【アドラー実践】01 21世紀におけるアドラー心理学の価値
月曜日はアドラー心理学のトピックで書いています。
早稲田大学エクステンションセンター中野校で、10月3日(木)から「アドラー心理学実践講座(全8回)」が始まります。これに合わせてしばらくの間、アドラー心理学実践講座の内容で書いていきます。
さて、実践講座の初回は、21世紀におけるアドラー心理学の価値ということをお話ししたいと思います。今から約百年前、20世紀の初頭に活躍したアルフレッド・アドラーは「個人心理学/アドラー心理学」を体系づけました。
アドラー心理学の内容は、心理学の研究者や専門家の間でも、また心理学の教科書の中でも、長い間、正当に扱われることがありませんでした。日本では、2014年の『嫌われる勇気』の大ヒットによって、心理学者というよりも、自己啓発としてのアドラーの名前は広く知られるようになりました。
アドラーの言葉には多くの人の心に響くものが多いために、自己啓発や生き方の処方として都合よく引用されます。たとえば「勇気」「勇気づける」「タテの関係・ヨコの関係」「尊敬、信頼、貢献」「いまここ」(これはアドラーとは関係ない)「それはあなたの課題です」(これも厳密にはアドラー ではない)などです。こうした言葉は自己啓発のフレーズとしてはいいでしょう。それを都合よく使うのも禁止するべきことでもありません。流行したものが土着化するのは止めようがありません。

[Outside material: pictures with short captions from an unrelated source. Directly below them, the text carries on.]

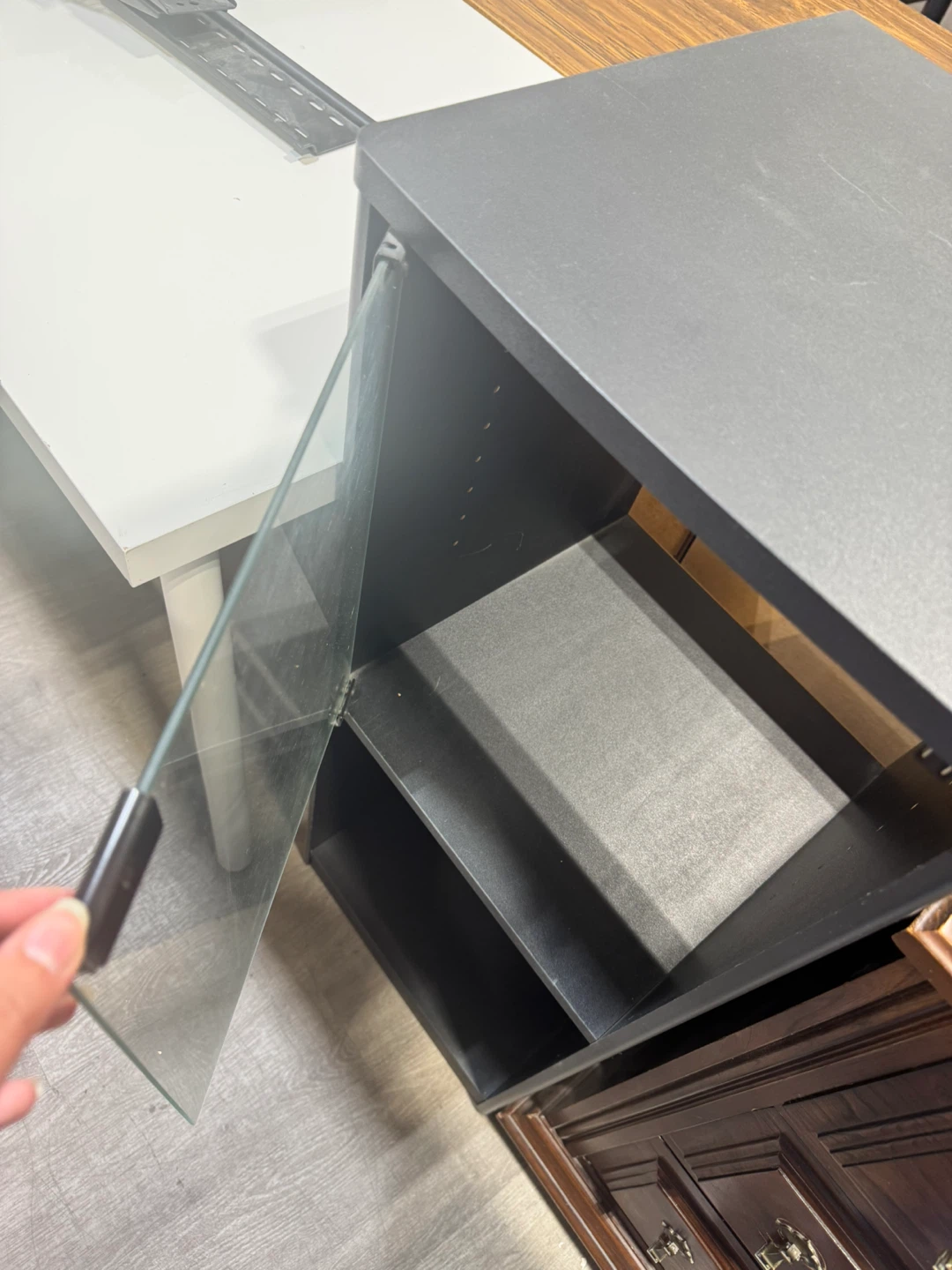 Black Display Cabinet with Glass Door - photo 2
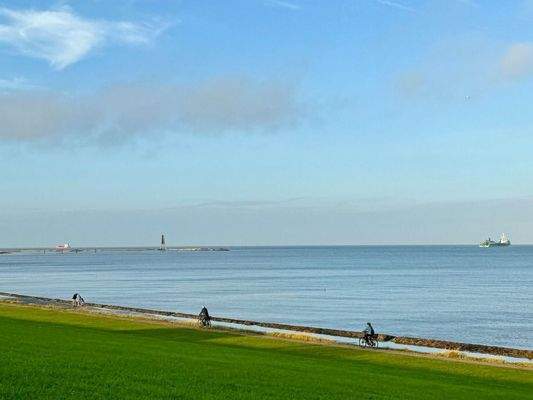 Deich hinter dem Haus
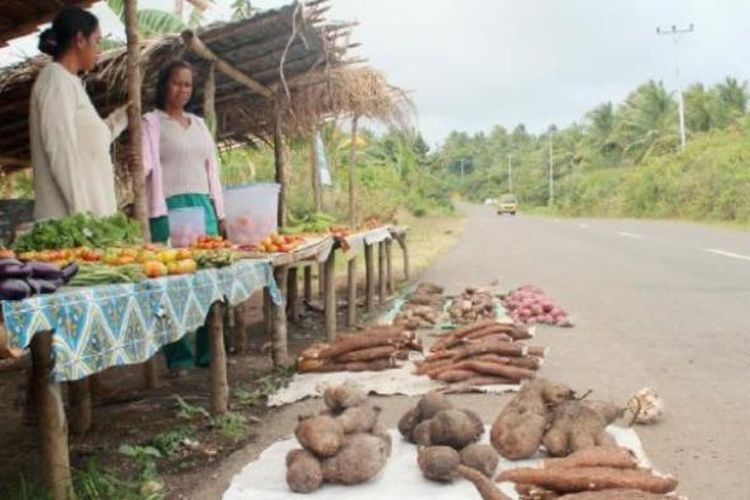 Aneka ubi dan umbi berpotensi menjadi sumber karbohidrat utama masyarakat di Kepulauan Tanimbar, Maluku Tenggara Barat, Maluku. Namun, selama ini ubi dan umbi masih dipanen, dijual, dan diolah dengan cara amat sederhana. Di Pulau Yamdena, September 2014, para petani tampak menggelar dagangan di tepi jalan sebanyak yang mereka hasilkan.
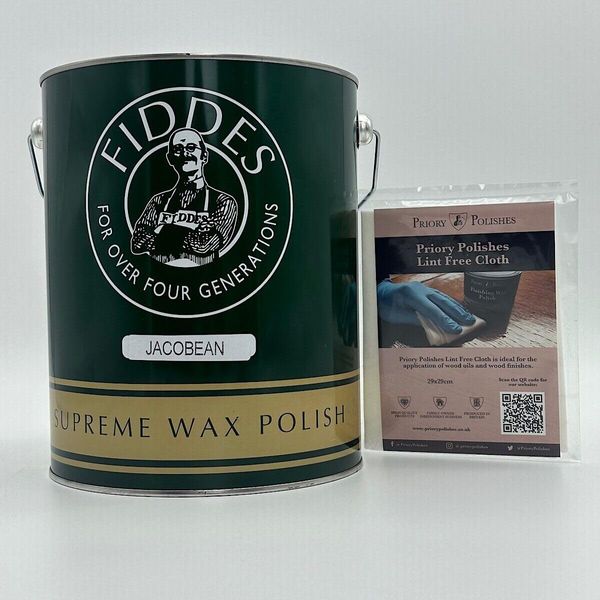 Fiddes Supreme Jacobean Wax – 5 Litre + Free Priory Polishes© Lint Free Cloth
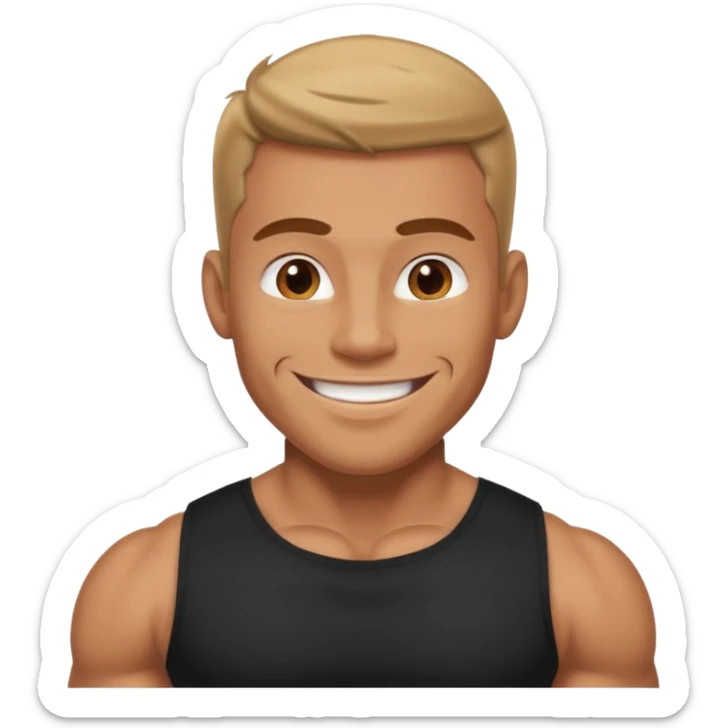 muscular man in black shirt being taken from behind emoji sticker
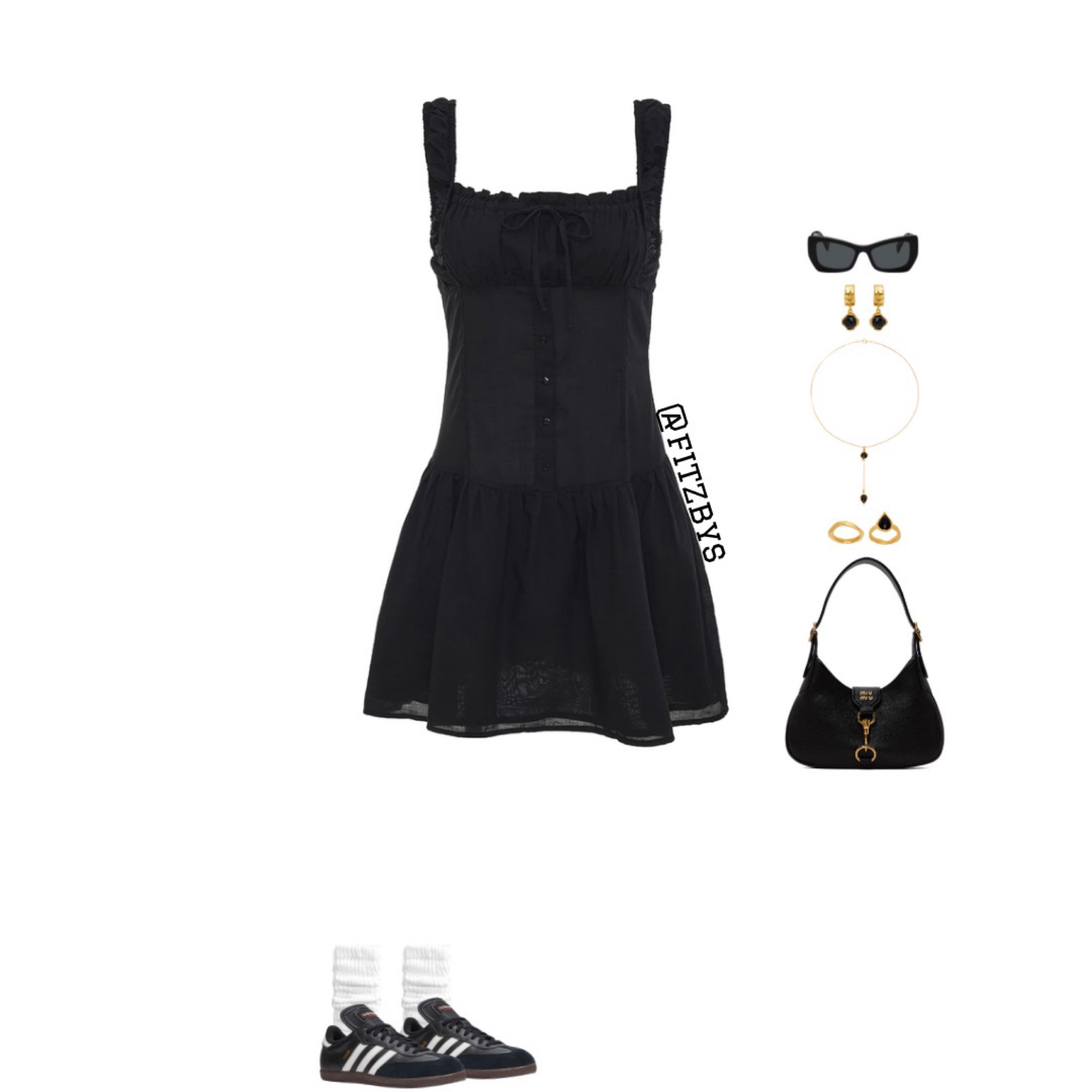 Ruffle mini dress Frankie’s bikini 

Black mini dress, black dress, mini dress, little black dress, corset waist mini dress, samba sneakers, adidas sneakers, gold and black jewelry, miumiu bag and sunglasses Bodycon black short dress outfit, dress outfit, adidas sneaker outfit, summer outfit, spring outfit, everyday outfit, black outfit, little black dress outfit, #virtualstylist #outfitideas #outfitinspo #trendyoutfits #fashion #minidress #shortdress #blackminidress #blackdress #summeroutfit #springoutfit #trendysneakers #summerclothes #allblackoutfit #blackoutfit 

#LTKstyletip #LTKSeasonal #LTKFind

しかし、アドラー心理学の真価は、このような断片的なフレーズにあるわけではありません。アドラー用語を使っていれば、なんとなく格好良く見えたり、説得力が増すように見えるかもしれません。しかし、ただそれだけのことです。アドラー心理学の真価は、いくつかの重要な概念とそれを理論的に組み立てたところにあります。それを知らないでいる人は、ただ表面的にアドラー用語を使っているにすぎないのです。